Lebih spesifik tentang kebijakan penangkapan ikan terukur dengan basis kuota, KIARA menilai ada permasalahan mendasar seperti di bawah ini:

  1. Rancangan kebijakan penangkapan ikan terukur akan meminggirkan nelayan tradisional atau nelayan lokal dan cenderung akan menguntungkan pemilik modal besar ataupun korporasi perikanan. Hal ini tentu saja tidak sejalan dengan asas Pengelolaan Wilayah Pesisir dan Pulau-Pulau Kecil terutama asas pemerataan, asas peran serta masyarakat, dan asas keadilan;
  2. Kebijakan ini belum memiliki kajian ilmiah tentang dampak yang akan ditimbulkan dan juga bertentangan dengan asas keberlanjutan dalam pengelolaan wilayah pesisir dan pulau-pulau kecil, sebagaimana yang dimuat dalam Pasal 3 Undang-Undang No.27/2007 jo UU No.1/2014 tentang Pengelolaan Wilayah Pesisir dan Pulau-Pulau Kecil, yaitu asas keberlanjutan mengandung arti bahwa pemanfaatan sumber daya yang belum diketahui dampaknya harus dilakukan secara hati-hati dan didukung oleh penelitian ilmiah yang memadai;
  3. Kebijakan ini tidak memiliki dasar tentang asal muasal penetapan kuota dan tidak ada kejelasan metode dalam menghitung potensi sumber daya ikan;
  4. Kebijakan ini bertentangan dengan mandat UU No.7/2016 tentang Perlindungan dan Pemberdayaan Nelayan, Pembudi daya Ikan dan Petambak Garam, yaitu perlindungan nelayan dalam hal ini adalah nelayan tradisional. Kenyataan yang terjadi di berbagai perairan bahwa wilayah perairan tradisional, nelayan sering didapati aktivitas nelayan skala besar/modern dengan alat tangkap tidak berkelanjutan, bahkan alat tangkap cantrang masih dapat dijumpai di berbagai perairan di pulau-pulau kecil.

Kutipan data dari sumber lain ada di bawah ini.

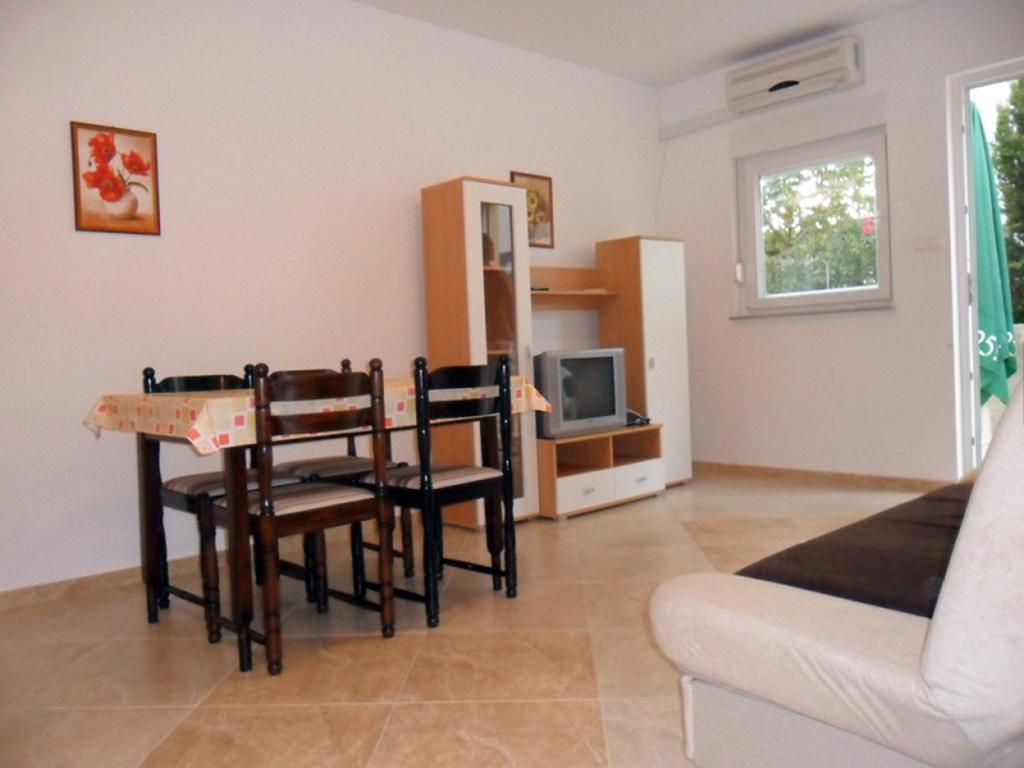 Apartments Mislav Novalja Rum bild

baca juga : Pengawasan Terintegrasi untuk Penangkapan Ikan Terukur Mulai Awal 2022

 

Nelayan tradisional sedang menangkap ikan. Foto : shutterstock

 

Semua permasalahan tersebut menjelaskan bahwa pengawasan penggunaan alat tangkap masih lemah. Jika rancangan kebijakan terus dijalankan, maka akan semakin mengancam keberlanjutan nelayan tradisional di berbagai wilayah.

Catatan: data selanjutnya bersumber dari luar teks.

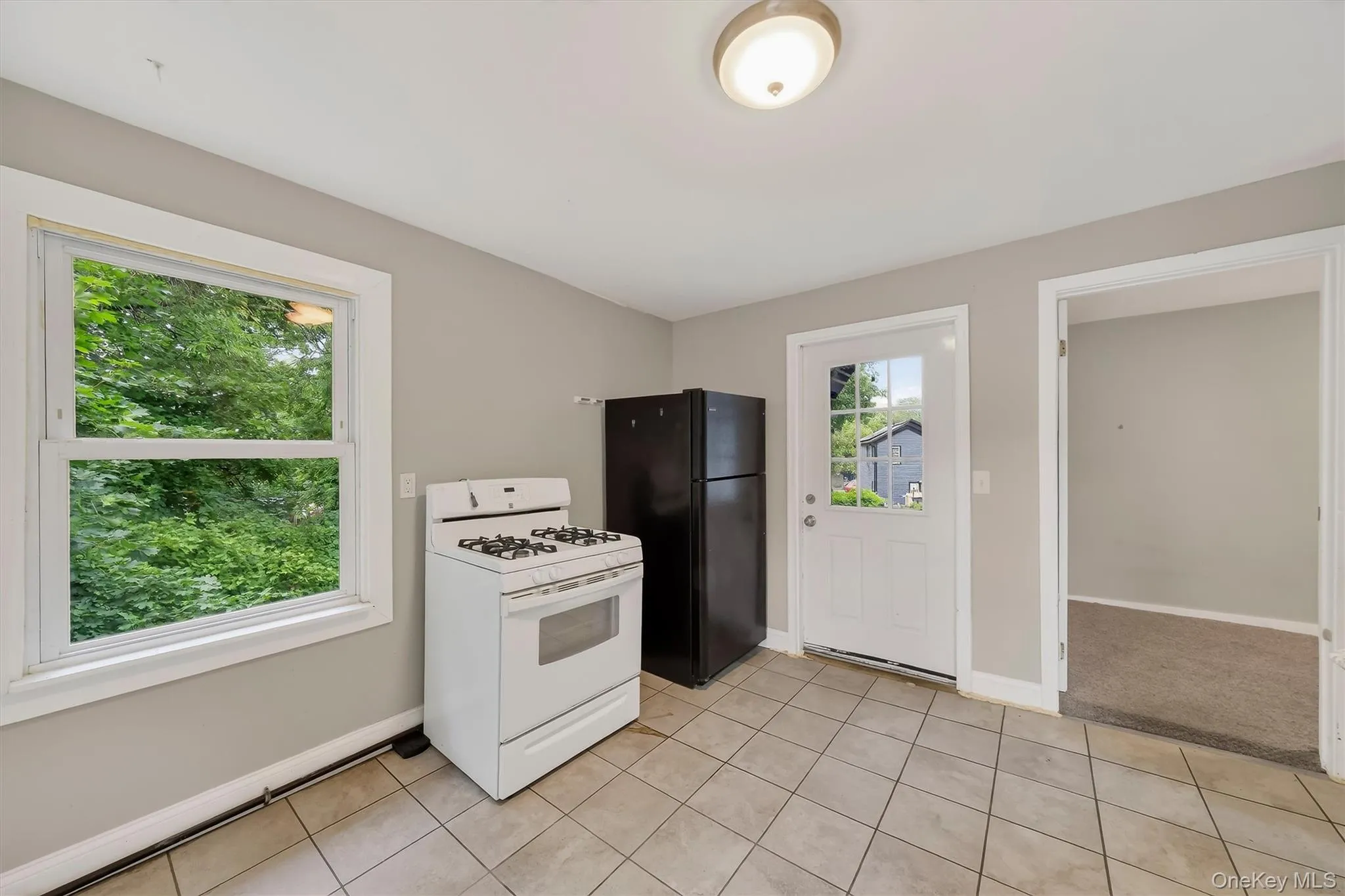 68 Catharine Street, Poughkeepsie, NY, 3 Bedrooms Bedrooms, 6 Rooms Rooms,1 BathroomBathrooms,Residential Lease,For Rent,Catharine,0,1025941 68 Catharine Street, Poughkeepsie, NY, 3 Bedrooms Bedrooms, 6 Rooms Rooms,1 BathroomBathrooms,Residential Lease,For Rent,Catharine,0,1025941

KIARA meminta KKP untuk segera menghentikan kebijakan tersebut dan fokus untuk menggagas kebijakan yang sesuai dengan kebutuhan nelayan tradisional. Dengan demikian, kebijakan berikutnya akan bisa meningkatkan kesejahteraan sekaligus menjaga kelestarian alam.

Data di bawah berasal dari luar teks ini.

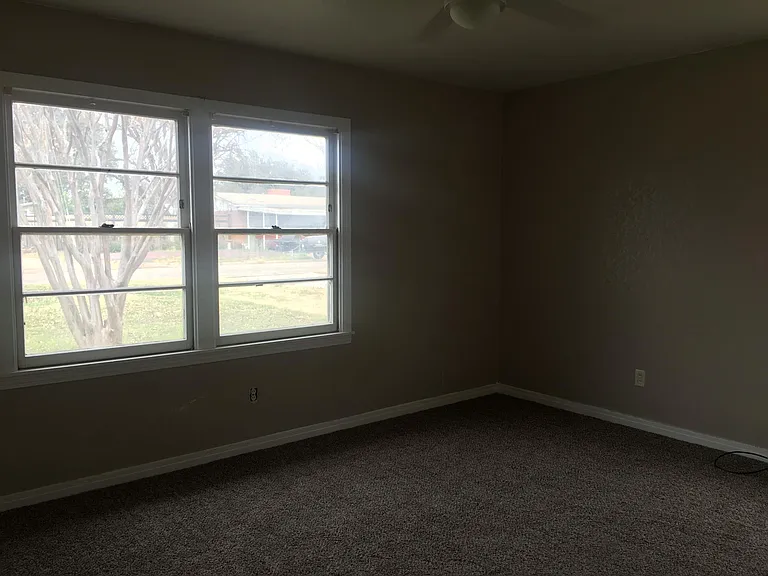 2317 College St — Photo 15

Susan menyebut, langkah yang seharusnya KKP ambil adalah terlebih dulu menuntaskan permasalahan utama seperti melaksanakan mandat UU No.7/2016 dan melaksanakan mandat Putusan MK No. 3 Tahun 2010 yang menganulir konsep Hak Pengusahaan Perairan Pesisir (HP–3) yang ditetapkan dalam UU No.27/2007 tentang Pengelolaan Wilayah Pesisir dan Pulau-Pulau Kecil.